I’m comparing a simple vectorized version with a version implemented using map_rect where I map the likelihood across the realizations. My thought was that the latter would be they way to go when I’ll have both shared and individual parameters for the GPs as it would scale well with the number of realizations.

My implementation based on map_rect is, however, not as fast as I expected.

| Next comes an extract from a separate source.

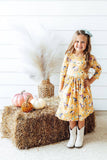 Ponies & Poppies Twirl Dress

I’m running this on a machine with 128 logical cores and they all show full utilization under the map_rect model, while only utilizing 4 cores (corresponding to the number of chains) in the vectorized version.

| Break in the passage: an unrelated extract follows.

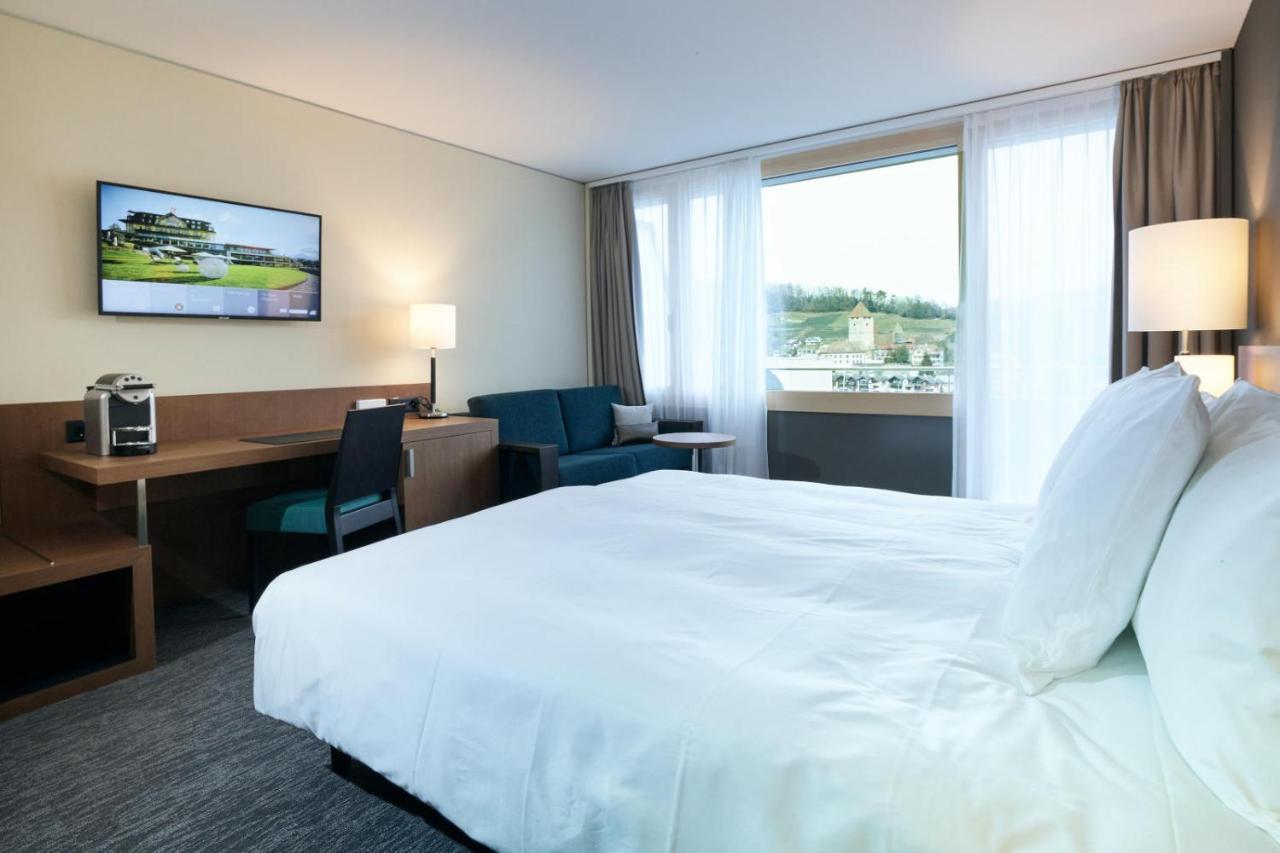 Belvédère Strandhotel Spiez Eksteriør bilde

Is there any reason why my implementation using map_rect is so slower than the vectorized version even though it’s utilizing all my 128 cores, and can I speed it up some how?

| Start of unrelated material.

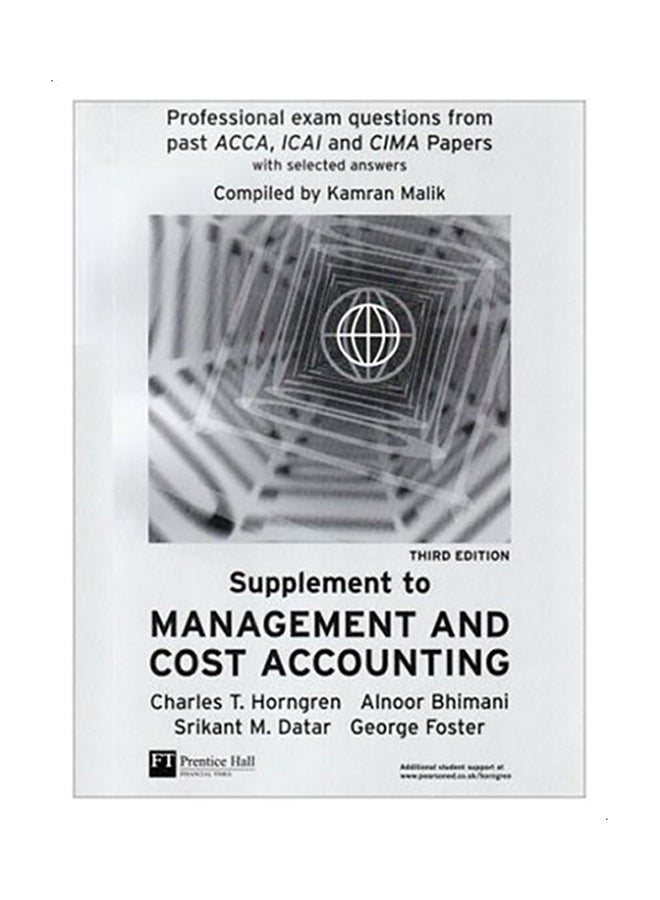 null - Supplement To Management And Cost Accounting paperback english - Image 1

Here is some reproducible code.

Vectorized stan program

```
data {
int<lower=1> N; // Number of functions
int<lower=1> P; // Number of sampling points
real t[P]; // Common grid of observation points
matrix[P, N] y; // Realizations of the functions
}
parameters {
real<lower=0> rho;
real<lower = 0> alpha;
real<lower=0> sigma;
matrix[P, N] eta;
}
transformed parameters {
matrix[P, N] f;
{
matrix[P, P] K = cov_exp_quad(t, alpha, rho);
for (p in 1:P) {
K[p, p] = K[p, p] + 1e-9;
}
f = cholesky_decompose(K) * eta;
}
}
model {
rho ~ inv_gamma(5, 5);
alpha ~ normal(0, 1);
sigma ~ normal(0, 1);
to_vector(eta) ~ normal(0, 1);
to_vector(y) ~ normal(to_vector(f), sigma);
}
```

stan program based on map_rect of the likelihood across realizations

```
functions {
vector gp_loglik(vector phi, vector theta, real[] x_r, int[] x_i) {
int P = 30; // bad hard-coded value for now
vector[P] f; // latent gaussian process
real alpha = phi[1]; //shared parameters
real rho = phi[2];
real sigma = phi[3];
real t[P] = x_r[1:P]; // first P elements are the observation times
real y[P] = x_r[(P+1):(2*P)]; // second P elements are the observed values
matrix[P, P] K = cov_exp_quad(t, alpha, rho);
for (p in 1:P) {
K[p, p] = K[p, p] + 1e-9;
}
f = cholesky_decompose(K) * theta;
return [normal_lpdf(y | f, sigma)]';
}
}
data {
int<lower=1> N; // Number of functions
int<lower=1> P; // Number of sampling points
real t[P]; // Common grid of observation points
real y[P, N]; // Realizations of the functions
}
transformed data {
/* Transform data into N shards of 2*P arrays of
observation times and observed values */
real x_r[N, 2*P];
int x_i[N, 2*P]; // unused
for(i in 1:N) {
x_r[i, 1:P] = t;
x_r[i, (P+1):(2*P)] = y[,i];
x_i[i,] = rep_array(0, 2*P); // fill it with zeros
}
}
parameters {
real<lower=0> rho;
real<lower = 0> alpha;
real<lower=0> sigma;
matrix[P, N] eta;
}
transformed parameters {
vector[3] phi; // common parameters
vector[P] theta[N]; // individual parameters
phi = [alpha, rho, sigma]';
for(i in 1:N) {
theta[i] = eta[,i];
}
}
model {
rho ~ inv_gamma(5, 5);
alpha ~ normal(0, 1);
sigma ~ normal(0, 1);
to_vector(eta) ~ std_normal();
target += sum(map_rect(gp_loglik, phi, theta, x_r, x_i));
}
```

And here is some R code that fits the two stan implementations based on simulated data

```
rm(list=ls())
library(rstan)
options(mc.cores = parallel::detectCores())
rstan_options(auto_write = TRUE)
simulateProcess <- function(nObs = 50, sigma = 0.1) {
library(mvtnorm)
covSE <- function(s, t, alpha, rho) {
alpha^2 * exp(-(s-t)^2 / (2*rho^2))
}
#Very close to continuous time approximation
t <- seq(-0.5, 0.5, length.out = nObs)
C <- outer(t, t, covSE, alpha=1, rho = 0.1)
mu <- rep(0, length(t))
f <- as.numeric(rmvnorm(1, mu, C))
y <- f + rnorm(nObs, 0, sigma)
list(t = t, f = f, y = y)
}
P <- 30 #number of observation points
N <- 25 #number of GPs
set.seed(12345)
d <- lapply(1:N, function(i) simulateProcess(nObs = P))
t <- d[[1]]$t
y <- sapply(d, function(q) q$y)
f <- sapply(d, function(q) q$f)
sDat <- list(N = N, P = P, t = t, y = y)
m <- stan_model("gp_vectorized.stan")
start_vectorized <- Sys.time()
samp1 <- sampling(m, data = sDat, iter = 10^4, seed=12345)
end_vectorized <- Sys.time()
timing_vectorized <- end_vectorized - start_vectorized
m2 <- stan_model("gp_map.stan")
start_map <- Sys.time()
samp2 <- sampling(m2, data = sDat, iter = 10^4, seed=12345)
end_map <- Sys.time()
timing_map <- end_map - start_map
```

Here are the timing summaries from running the two implementations on my machine

```
> timing_vectorized
Time difference of 4.224541 mins
> timing_map
Time difference of 16.89453 mins
>
```

Thanks a lot in advance for any advice on this.